La Monnaie de Bruxelles peut encore une fois se targuer de faire preuve d’audace, de questionner et de renouveler le monde de l'opéra et des musiques contemporaines. Le public invité dans les ateliers de La Monnaie (situés dans un bâtiment voisin) emprunte un grand ascenseur pour rejoindre une estrade improvisée face à un mystérieux retable lumineux. Sur des écrans sont projetées les images d'un univers infernal et futuriste, monopolisant jusqu'à assourdir l'attention du public par une multitude de références carabinées. Ce grand écran sert de porte de passage : entre public et spectacle, entre réel et songe, entre vie et mort (miroir d'Orphée version Cocteau, Climax de Gaspar Noé, films de Tarsem Singh The Fall et The Cell, et surtout les corps flottants mystiques de Bill Viola).

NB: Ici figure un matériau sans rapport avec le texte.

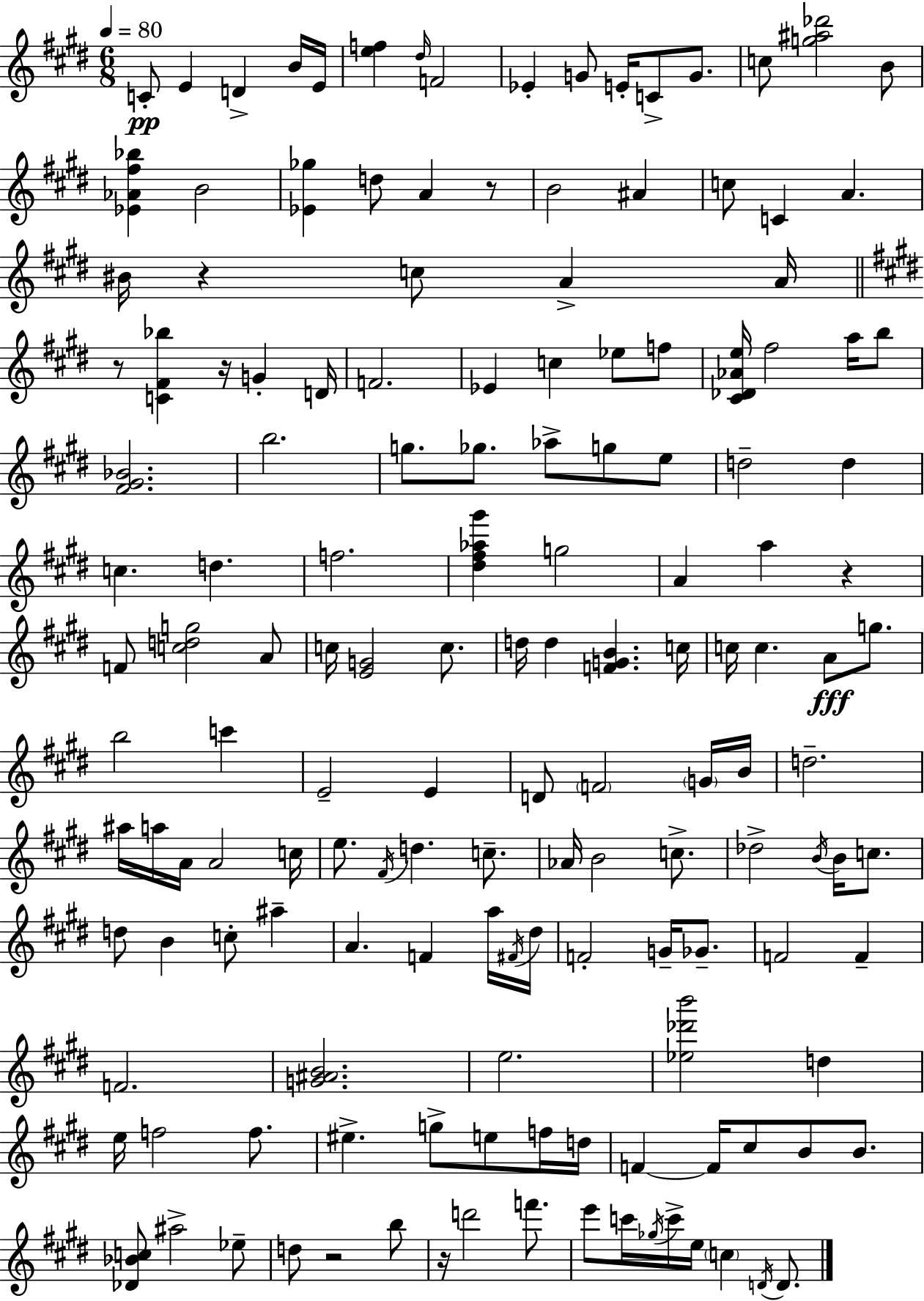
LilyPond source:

{
  \clef treble
  \numericTimeSignature
  \time 6/8
  \key e \major
  \tempo 4 = 80
  c'8-.\pp e'4 d'4-> b'16 e'16 | <e'' f''>4 \grace { dis''16 } f'2 | ees'4-. g'8 e'16-. c'8-> g'8. | c''8 <g'' ais'' des'''>2 b'8 | \break <ees' aes' fis'' bes''>4 b'2 | <ees' ges''>4 d''8 a'4 r8 | b'2 ais'4 | c''8 c'4 a'4. | \break bis'16 r4 c''8 a'4-> | a'16 \bar "||" \break \key e \major r8 <c' fis' bes''>4 r16 g'4-. d'16 | f'2. | ees'4 c''4 ees''8 f''8 | <cis' des' aes' e''>16 fis''2 a''16 b''8 | \break <fis' gis' bes'>2. | b''2. | g''8. ges''8. aes''8-> g''8 e''8 | d''2-- d''4 | \break c''4. d''4. | f''2. | <dis'' fis'' aes'' gis'''>4 g''2 | a'4 a''4 r4 | \break f'8 <c'' d'' g''>2 a'8 | c''16 <e' g'>2 c''8. | d''16 d''4 <f' g' b'>4. c''16 | c''16 c''4. a'8\fff g''8. | \break b''2 c'''4 | e'2-- e'4 | d'8 \parenthesize f'2 \parenthesize g'16 b'16 | d''2.-- | \break ais''16 a''16 a'16 a'2 c''16 | e''8. \acciaccatura { fis'16 } d''4. c''8.-- | aes'16 b'2 c''8.-> | des''2-> \acciaccatura { b'16 } b'16 c''8. | \break d''8 b'4 c''8-. ais''4-- | a'4. f'4 | a''16 \acciaccatura { fis'16 } dis''16 f'2-. g'16-- | ges'8.-- f'2 f'4-- | \break f'2. | <g' ais' b'>2. | e''2. | <ees'' des''' b'''>2 d''4 | \break e''16 f''2 | f''8. eis''4.-> g''8-> e''8 | f''16 d''16 f'4~~ f'16 cis''8 b'8 | b'8. <des' bes' c''>8 ais''2-> | \break ees''8-- d''8 r2 | b''8 r16 d'''2 | f'''8. e'''8 c'''16 \acciaccatura { ges''16 } c'''16-> e''16 \parenthesize c''4 | \acciaccatura { d'16 } d'8. \bar "|."
}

L'œuvre questionne la fin du monde et de la vie, via deux jeunes femmes ("classe" et "crasse") au centre de l’intrigue : Woman et Teenager, toutes deux plongeant dans une petite mort. La production hydrique et déroutante questionne les frontières et les fins, de l'art et de la vie, avec sur scène des hôtesses de l’air/thanatopracteur. De même, la musique de Jean-Luc Fafchamps dirigée par Ouri Bronchti brasse baroque, classique, jazz, dans des sonorités technologiques, dystopiques et allégoriques, à la manière de flashs : des chanteurs cachés sont filmés, projetés en couleur, superposés, à l’envers entre glitch, flammes, planètes, paillettes (qui définissent tout autant le visuel que la partition).
Dans ce "Pop Requiem", le macabre rivalise avec les musiques aériennes en un voyage halluciné, porté l'Orchestre de chambre et les Chœurs de La Monnaie toujours à l'affût (et spatialisés).

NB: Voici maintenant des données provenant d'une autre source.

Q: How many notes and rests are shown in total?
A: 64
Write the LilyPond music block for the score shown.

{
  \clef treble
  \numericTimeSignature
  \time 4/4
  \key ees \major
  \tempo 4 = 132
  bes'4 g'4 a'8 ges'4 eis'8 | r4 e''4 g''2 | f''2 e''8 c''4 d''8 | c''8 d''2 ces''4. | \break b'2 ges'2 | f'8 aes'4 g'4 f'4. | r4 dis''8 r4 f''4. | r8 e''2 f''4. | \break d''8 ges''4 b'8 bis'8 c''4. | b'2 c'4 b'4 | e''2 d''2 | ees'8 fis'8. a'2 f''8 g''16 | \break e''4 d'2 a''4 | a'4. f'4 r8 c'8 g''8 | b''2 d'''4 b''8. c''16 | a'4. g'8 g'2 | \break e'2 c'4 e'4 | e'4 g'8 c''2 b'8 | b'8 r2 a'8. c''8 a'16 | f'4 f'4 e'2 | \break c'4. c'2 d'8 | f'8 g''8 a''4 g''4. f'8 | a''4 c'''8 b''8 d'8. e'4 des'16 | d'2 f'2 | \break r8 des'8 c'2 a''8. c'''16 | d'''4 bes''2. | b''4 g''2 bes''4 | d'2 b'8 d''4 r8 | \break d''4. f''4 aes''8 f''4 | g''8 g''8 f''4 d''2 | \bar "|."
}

La distribution est menée de front par le même duo féminin que dans le premier épisode. Habillée du même costume que précédemment (celui de la Dead Little Girl) Sarah Defrise marque les arias limpides par une liberté de jeu en opposition à sa maîtrise totale de voix. Les notes aiguës de la soprano se dessinent sans difficulté apparente, tout en anoblissant son personnage avec une éloquence remarquée, à l'image de sa franchise de jeu.
Plus sombre, la mezzo-soprano Albane Carrère offre un timbre boisé, rond et ample, mais dont les aigus sonnent puissants, sensibles et clairs. La performance de la chanteuse, habillée en cantatrice des années 50 façon musical Hall luxueux, s'offre en héroïne sensible et sensuelle avec une grande acuité et noblesse de jeu au service du dialogue avec sa collègue et du propos d'ensemble.

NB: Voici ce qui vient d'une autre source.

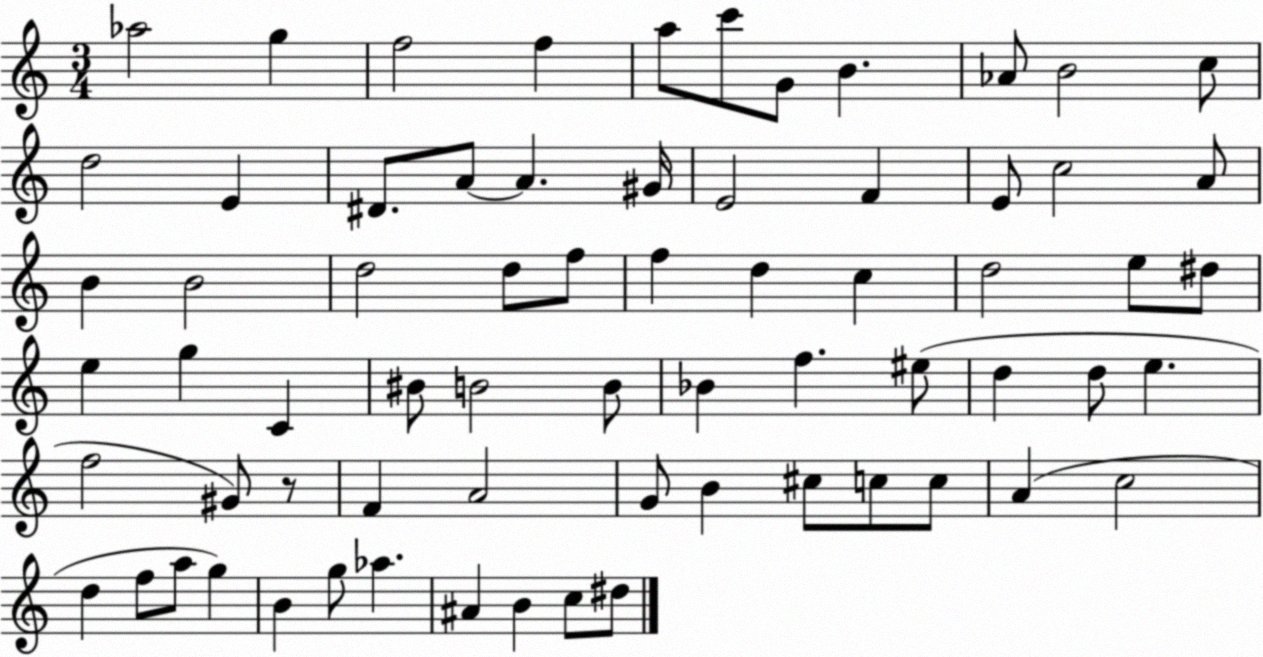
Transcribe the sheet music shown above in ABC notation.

X:1
T:Untitled
M:3/4
L:1/4
K:C
_a2 g f2 f a/2 c'/2 G/2 B _A/2 B2 c/2 d2 E ^D/2 A/2 A ^G/4 E2 F E/2 c2 A/2 B B2 d2 d/2 f/2 f d c d2 e/2 ^d/2 e g C ^B/2 B2 B/2 _B f ^e/2 d d/2 e f2 ^G/2 z/2 F A2 G/2 B ^c/2 c/2 c/2 A c2 d f/2 a/2 g B g/2 _a ^A B c/2 ^d/2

Plus en retrait, le chanteur rock Amaury Massion, connu sous le nom de Lylac, vient détonner dans cette distribution de haute voltige par une voix en décalage absolu. Plus parlé que chanté, en deçà de la justesse musicale, il vient questionner les genres.
Le public applaudit mais visiblement interloqué devant cette forme hétérogène et renouvelée questionnant les limites et les frontières au risque du trop-plein.